Intramolecular Proton Transfer in the Radical Anion of Cytidine Monophosphate Sheds Light on the Sensitivities of Dry vs Wet DNA to Electron Attachment-Induced Damage

[Image: see text] Single-strand breaks (SSBs) induced via electron attachment were previously observed in dry DNA under ultrahigh vacuum (UHV), while hydrated electrons were found not able to induce this DNA damage in an aqueous solution. To explain these findings, crossed electron-molecular beam (CEMB) and anion photoelectron spectroscopy (aPES) experiments coupled to density functional theory (DFT) modeling were used to demonstrate the fundamental importance of proton transfer (PT) in radical anions formed via electron attachment.
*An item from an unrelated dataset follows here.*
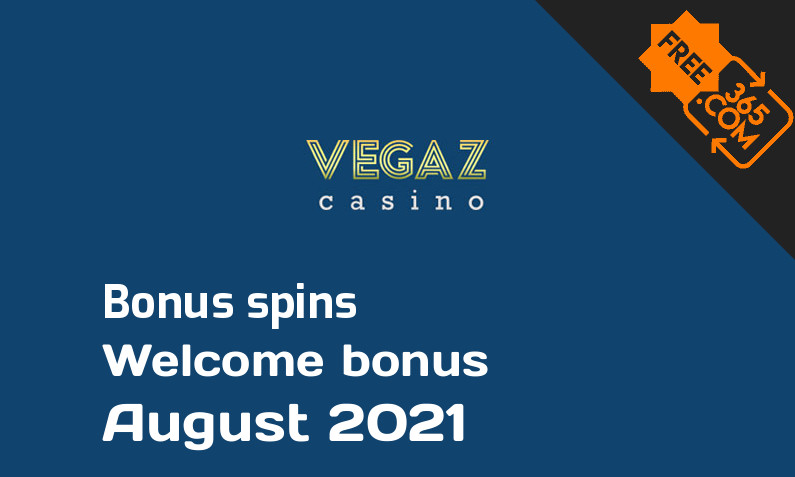 Vegaz Casino bonus spins August 2021, 50 bonusspins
Three molecular systems were investigated: 5′-monophosphate of 2′-deoxycytidine (dCMPH), where PT in the electron adduct is feasible, and two ethylated derivatives, 5′-diethylphosphate and 3′,5′-tetraethyldiphosphate of 2′-deoxycytidine, where PT is blocked due to substitution of labile protons with the ethyl residues. CEMB and aPES experiments confirmed the cleavage of the C3′/C5′–O bond as the main dissociation channel related to electron attachment in the ethylated derivatives. In the case of dCMPH, however, electron attachment (in the aPES experiments) yielded its parent (intact) radical anion, dCMPH(–), suggesting that its dissociation was inhibited. The aPES-measured vertical detachment energy of the dCMPH(–) was found to be 3.27 eV, which agreed with its B3LYP/6-31++G(d,p)-calculated value and implied that electron-induced proton transfer (EIPT) had occurred during electron attachment to the dCMPH model nucleotide. In other words, EIPT, subduing dissociation, appeared to be somewhat protective against SSB. While EIPT is facilitated in solution compared to the dry environment, the above findings are consistent with the stability of DNA against hydrated electron-induced SSB in solution versus free electron-induced SSB formation in dry DNA.